### Exercise requirements
Only one stretch of the records below is wanted: the lines from the one holding "a building with" through the one holding "3193 Yellow Lantana". Return it exactly, both ends included.

(Short descriptive text snippets)
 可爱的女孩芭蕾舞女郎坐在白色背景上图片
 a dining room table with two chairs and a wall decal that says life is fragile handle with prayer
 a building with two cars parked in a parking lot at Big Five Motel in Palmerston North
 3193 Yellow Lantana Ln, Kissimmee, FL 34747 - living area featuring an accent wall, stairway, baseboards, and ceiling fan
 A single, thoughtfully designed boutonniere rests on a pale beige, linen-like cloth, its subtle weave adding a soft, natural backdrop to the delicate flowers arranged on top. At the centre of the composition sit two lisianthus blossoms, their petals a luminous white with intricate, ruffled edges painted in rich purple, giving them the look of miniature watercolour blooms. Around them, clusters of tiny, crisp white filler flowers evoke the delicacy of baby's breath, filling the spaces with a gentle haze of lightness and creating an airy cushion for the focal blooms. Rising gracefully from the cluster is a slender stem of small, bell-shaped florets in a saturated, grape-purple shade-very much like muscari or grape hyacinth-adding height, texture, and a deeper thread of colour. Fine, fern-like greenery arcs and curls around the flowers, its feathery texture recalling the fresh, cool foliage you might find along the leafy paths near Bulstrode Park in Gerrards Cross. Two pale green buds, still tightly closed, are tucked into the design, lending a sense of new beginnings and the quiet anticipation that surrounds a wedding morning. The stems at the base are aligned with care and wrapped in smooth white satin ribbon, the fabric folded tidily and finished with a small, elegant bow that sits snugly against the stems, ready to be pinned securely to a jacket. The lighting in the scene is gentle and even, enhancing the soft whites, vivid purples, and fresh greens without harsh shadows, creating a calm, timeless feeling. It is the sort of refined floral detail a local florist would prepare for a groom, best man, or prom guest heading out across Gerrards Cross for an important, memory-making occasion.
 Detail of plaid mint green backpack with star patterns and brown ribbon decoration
...
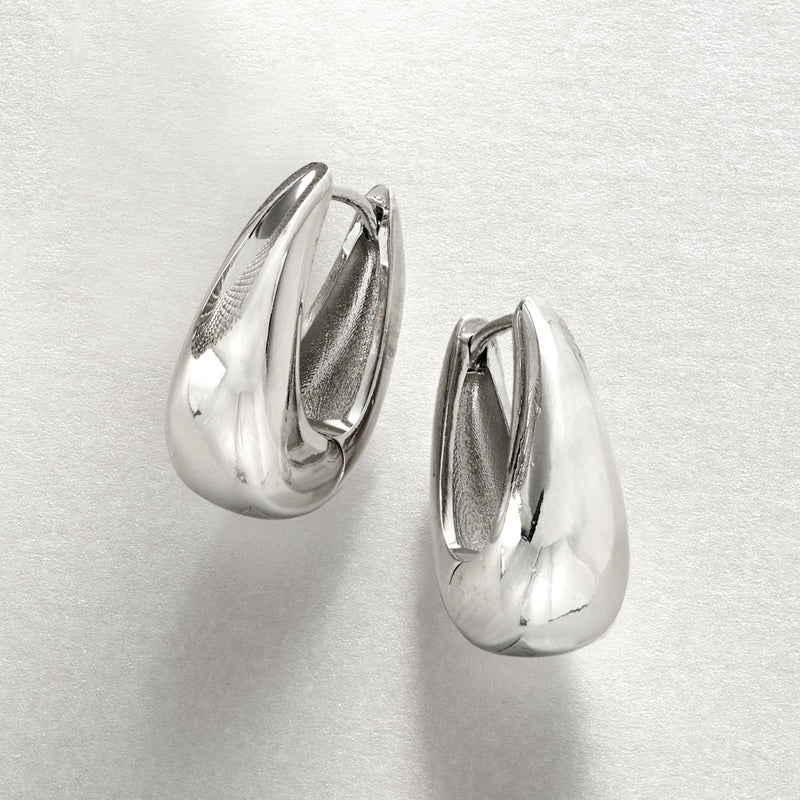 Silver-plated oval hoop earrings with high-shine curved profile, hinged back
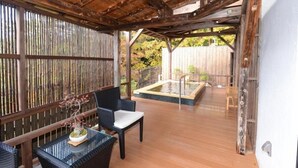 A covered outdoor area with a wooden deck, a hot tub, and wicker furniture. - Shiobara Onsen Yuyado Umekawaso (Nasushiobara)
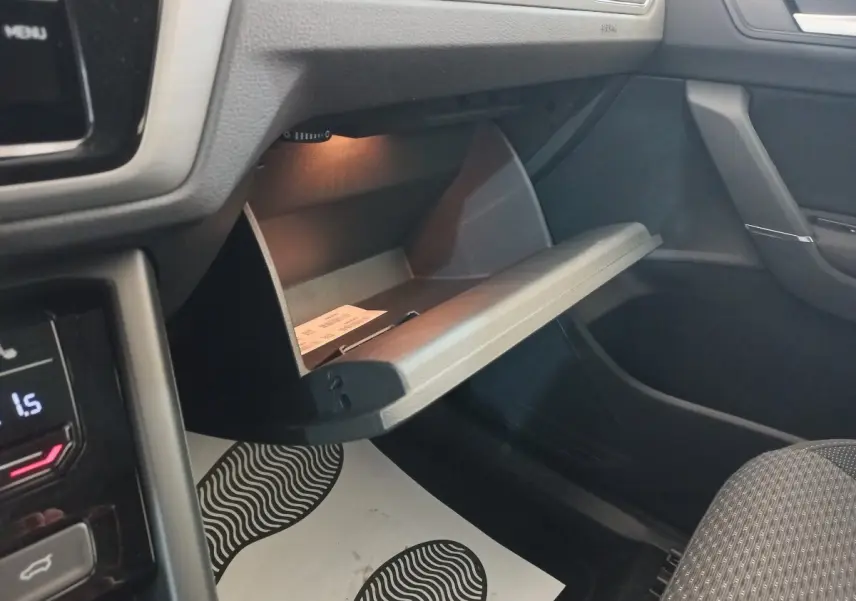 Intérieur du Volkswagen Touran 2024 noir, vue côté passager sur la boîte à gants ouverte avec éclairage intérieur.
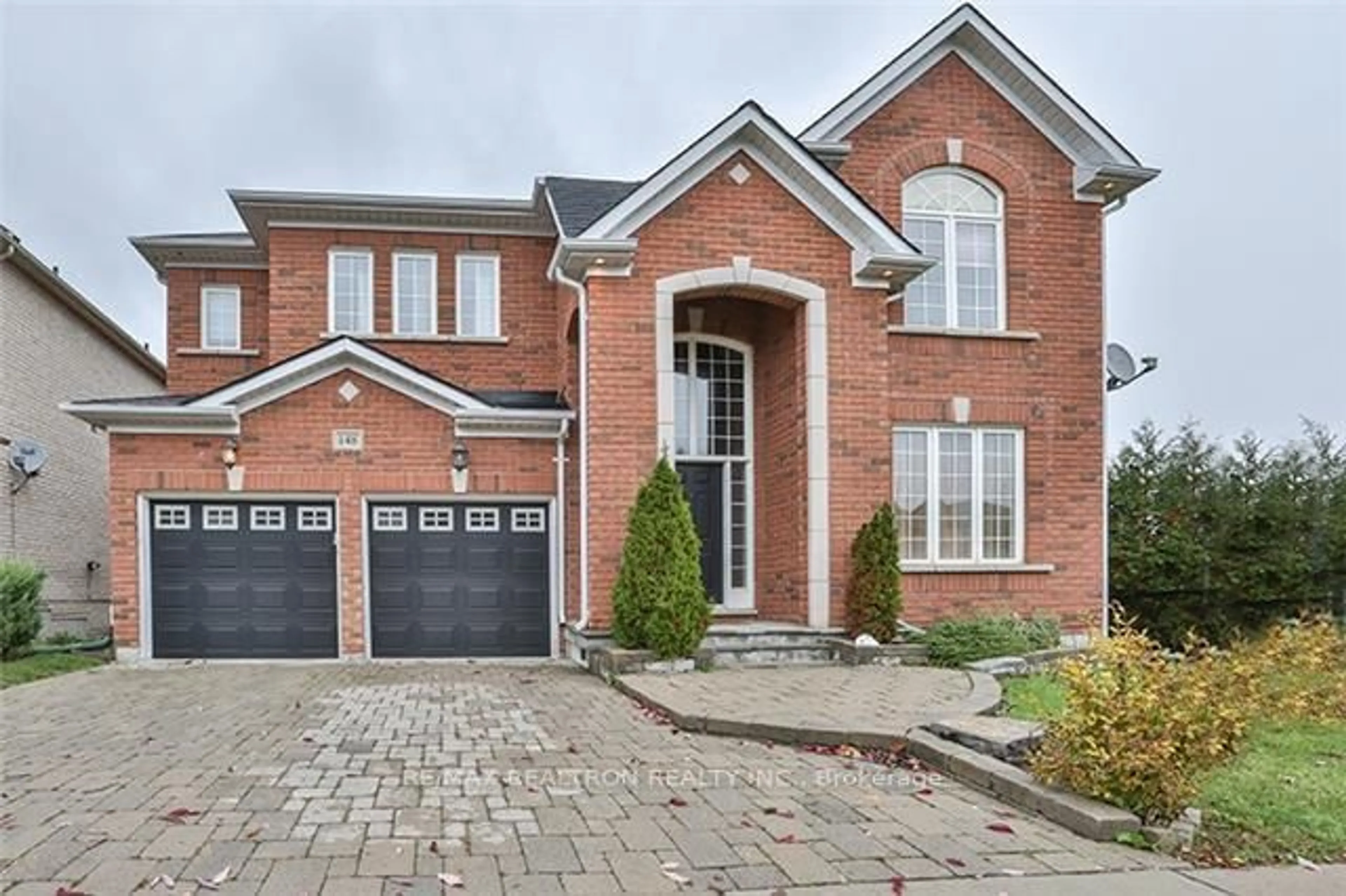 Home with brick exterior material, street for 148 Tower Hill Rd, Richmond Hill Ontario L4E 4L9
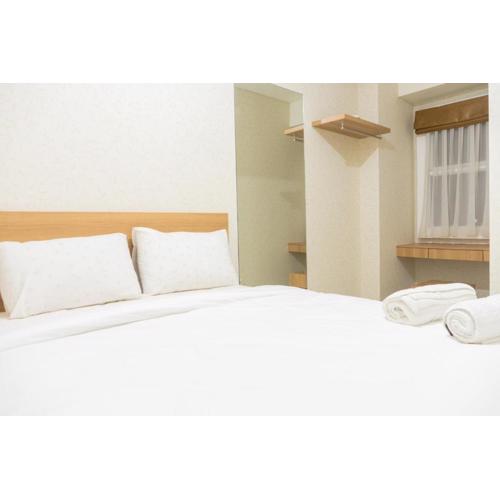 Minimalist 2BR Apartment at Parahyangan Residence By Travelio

### Output of the task
 a building with two cars parked in a parking lot at Big Five Motel in Palmerston North
 3193 Yellow Lantana Ln, Kissimmee, FL 34747 - living area featuring an accent wall, stairway, baseboards, and ceiling fan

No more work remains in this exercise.